Brief descriptive captions:
*****

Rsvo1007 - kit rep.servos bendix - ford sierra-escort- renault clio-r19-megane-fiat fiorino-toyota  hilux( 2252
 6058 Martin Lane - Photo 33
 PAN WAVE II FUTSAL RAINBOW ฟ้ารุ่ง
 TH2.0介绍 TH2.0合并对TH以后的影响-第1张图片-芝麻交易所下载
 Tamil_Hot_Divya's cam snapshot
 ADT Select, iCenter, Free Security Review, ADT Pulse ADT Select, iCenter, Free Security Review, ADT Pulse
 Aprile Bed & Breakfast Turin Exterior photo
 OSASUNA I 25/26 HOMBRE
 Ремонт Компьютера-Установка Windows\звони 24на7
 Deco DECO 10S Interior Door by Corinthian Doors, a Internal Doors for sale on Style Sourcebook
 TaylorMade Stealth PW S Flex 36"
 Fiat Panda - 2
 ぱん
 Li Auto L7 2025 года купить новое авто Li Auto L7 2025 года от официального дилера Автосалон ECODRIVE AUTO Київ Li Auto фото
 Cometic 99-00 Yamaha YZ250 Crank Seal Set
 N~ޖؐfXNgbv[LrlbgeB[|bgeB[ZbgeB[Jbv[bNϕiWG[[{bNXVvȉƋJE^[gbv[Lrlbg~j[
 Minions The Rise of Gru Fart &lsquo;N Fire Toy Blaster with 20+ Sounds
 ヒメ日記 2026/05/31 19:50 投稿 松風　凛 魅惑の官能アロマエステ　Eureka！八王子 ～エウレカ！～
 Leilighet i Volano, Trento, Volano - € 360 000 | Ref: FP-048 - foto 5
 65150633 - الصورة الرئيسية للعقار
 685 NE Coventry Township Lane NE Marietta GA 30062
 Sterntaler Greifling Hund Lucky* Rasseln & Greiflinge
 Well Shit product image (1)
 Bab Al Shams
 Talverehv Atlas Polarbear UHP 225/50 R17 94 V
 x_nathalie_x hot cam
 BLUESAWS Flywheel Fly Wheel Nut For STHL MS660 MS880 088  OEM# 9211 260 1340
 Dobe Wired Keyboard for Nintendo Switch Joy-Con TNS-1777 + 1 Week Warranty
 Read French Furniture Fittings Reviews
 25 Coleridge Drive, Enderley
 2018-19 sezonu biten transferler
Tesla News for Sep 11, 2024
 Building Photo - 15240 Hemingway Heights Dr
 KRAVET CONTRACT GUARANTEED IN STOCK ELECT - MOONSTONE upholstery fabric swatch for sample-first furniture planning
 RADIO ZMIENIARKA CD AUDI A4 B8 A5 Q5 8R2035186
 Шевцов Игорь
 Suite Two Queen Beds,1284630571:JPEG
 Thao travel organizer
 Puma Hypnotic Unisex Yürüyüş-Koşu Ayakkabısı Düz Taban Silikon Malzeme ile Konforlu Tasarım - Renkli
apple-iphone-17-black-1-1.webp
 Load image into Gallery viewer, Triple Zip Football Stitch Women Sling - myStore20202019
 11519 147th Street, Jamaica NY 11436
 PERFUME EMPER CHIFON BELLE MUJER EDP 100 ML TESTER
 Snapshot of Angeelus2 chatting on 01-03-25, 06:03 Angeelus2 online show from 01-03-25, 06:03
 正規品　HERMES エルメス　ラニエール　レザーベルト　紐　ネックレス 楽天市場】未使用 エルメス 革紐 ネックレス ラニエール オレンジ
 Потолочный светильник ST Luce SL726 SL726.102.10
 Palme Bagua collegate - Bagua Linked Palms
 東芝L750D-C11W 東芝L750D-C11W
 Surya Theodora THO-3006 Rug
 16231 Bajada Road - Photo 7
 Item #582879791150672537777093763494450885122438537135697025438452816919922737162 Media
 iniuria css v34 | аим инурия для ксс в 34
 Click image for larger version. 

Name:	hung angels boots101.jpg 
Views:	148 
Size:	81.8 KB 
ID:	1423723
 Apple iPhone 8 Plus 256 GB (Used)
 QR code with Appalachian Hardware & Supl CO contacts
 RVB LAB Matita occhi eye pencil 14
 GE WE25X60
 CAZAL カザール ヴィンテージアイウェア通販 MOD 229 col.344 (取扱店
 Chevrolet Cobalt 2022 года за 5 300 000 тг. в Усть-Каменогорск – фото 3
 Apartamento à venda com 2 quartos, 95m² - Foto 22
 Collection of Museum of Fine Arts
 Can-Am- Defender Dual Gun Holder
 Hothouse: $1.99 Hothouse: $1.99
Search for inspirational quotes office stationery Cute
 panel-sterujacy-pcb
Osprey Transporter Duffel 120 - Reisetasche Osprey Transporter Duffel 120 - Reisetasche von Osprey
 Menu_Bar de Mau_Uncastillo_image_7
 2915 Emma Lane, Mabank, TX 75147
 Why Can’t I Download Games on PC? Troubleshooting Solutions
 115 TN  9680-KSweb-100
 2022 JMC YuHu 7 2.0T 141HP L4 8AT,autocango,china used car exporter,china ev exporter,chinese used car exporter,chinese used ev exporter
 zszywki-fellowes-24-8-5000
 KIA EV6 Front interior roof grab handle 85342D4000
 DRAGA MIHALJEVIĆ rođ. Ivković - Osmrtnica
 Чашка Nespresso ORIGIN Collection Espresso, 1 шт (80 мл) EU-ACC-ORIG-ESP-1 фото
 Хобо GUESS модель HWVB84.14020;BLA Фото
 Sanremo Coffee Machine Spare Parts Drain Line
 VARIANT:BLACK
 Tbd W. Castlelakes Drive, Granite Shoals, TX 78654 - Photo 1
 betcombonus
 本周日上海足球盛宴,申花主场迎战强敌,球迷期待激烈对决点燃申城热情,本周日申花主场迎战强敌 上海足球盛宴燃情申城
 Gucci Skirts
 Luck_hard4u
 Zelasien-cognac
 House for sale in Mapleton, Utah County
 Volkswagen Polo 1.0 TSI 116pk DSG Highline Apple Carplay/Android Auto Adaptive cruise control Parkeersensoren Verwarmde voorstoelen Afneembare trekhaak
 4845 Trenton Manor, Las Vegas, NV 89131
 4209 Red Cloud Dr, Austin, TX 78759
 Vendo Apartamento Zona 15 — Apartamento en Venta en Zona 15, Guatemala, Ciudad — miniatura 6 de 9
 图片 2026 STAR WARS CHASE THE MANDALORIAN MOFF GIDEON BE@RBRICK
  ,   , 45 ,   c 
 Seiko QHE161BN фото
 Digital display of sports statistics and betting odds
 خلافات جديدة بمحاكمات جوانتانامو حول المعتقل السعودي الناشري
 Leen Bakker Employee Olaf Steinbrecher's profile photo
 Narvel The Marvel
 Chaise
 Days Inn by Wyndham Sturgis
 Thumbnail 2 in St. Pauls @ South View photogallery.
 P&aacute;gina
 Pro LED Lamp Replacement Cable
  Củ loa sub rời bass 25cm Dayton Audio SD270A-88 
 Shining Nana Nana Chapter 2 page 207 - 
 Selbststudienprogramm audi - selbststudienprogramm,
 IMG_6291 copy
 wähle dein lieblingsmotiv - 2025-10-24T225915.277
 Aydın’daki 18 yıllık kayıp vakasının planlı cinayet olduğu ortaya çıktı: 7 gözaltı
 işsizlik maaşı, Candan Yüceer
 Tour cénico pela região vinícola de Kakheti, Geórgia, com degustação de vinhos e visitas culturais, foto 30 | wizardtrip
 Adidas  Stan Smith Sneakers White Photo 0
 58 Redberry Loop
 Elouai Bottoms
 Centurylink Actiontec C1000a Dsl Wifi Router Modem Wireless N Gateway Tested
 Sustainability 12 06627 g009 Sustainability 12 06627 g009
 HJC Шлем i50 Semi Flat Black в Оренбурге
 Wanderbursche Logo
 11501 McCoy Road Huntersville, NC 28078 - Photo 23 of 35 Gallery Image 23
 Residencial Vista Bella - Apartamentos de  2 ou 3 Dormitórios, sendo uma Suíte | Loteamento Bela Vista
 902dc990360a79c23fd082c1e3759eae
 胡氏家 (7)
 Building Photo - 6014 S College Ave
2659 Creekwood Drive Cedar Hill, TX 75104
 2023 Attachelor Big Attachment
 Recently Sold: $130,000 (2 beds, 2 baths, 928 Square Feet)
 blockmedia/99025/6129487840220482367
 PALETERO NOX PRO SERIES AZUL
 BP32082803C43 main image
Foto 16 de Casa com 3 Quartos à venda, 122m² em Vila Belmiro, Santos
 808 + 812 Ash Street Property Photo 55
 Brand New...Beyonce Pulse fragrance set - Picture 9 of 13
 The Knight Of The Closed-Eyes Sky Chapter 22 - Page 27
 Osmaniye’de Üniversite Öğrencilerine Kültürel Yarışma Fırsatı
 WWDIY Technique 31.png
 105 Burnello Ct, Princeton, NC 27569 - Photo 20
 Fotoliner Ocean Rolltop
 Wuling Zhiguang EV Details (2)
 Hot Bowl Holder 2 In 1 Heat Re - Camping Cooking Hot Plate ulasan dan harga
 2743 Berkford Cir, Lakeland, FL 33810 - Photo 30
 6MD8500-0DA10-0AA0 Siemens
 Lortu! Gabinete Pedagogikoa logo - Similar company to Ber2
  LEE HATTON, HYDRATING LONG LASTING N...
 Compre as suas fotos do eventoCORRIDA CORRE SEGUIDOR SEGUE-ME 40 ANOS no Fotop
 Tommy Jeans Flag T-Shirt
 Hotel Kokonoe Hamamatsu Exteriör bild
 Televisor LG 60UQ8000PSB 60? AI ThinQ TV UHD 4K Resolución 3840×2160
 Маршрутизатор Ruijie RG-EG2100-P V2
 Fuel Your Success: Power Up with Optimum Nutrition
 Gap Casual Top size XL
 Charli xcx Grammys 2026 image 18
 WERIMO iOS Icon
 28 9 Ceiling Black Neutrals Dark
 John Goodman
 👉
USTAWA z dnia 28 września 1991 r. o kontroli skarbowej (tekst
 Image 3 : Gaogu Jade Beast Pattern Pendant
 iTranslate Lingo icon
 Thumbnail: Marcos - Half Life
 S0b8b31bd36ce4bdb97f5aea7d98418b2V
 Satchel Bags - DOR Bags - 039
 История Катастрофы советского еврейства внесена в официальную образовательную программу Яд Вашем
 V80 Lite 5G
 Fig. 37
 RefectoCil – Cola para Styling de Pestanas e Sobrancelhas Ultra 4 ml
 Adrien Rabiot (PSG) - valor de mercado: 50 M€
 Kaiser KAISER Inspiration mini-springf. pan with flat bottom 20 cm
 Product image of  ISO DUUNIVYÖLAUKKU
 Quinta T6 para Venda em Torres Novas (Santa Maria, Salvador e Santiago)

*****

Above are the entries. Quote exactly the lines from the one bearing "ヒメ日記 2026/05/31 19:50" through the one bearing "685 NE Coventry".

 ヒメ日記 2026/05/31 19:50 投稿 松風　凛 魅惑の官能アロマエステ　Eureka！八王子 ～エウレカ！～
 Leilighet i Volano, Trento, Volano - € 360 000 | Ref: FP-048 - foto 5
 65150633 - الصورة الرئيسية للعقار
 685 NE Coventry Township Lane NE Marietta GA 30062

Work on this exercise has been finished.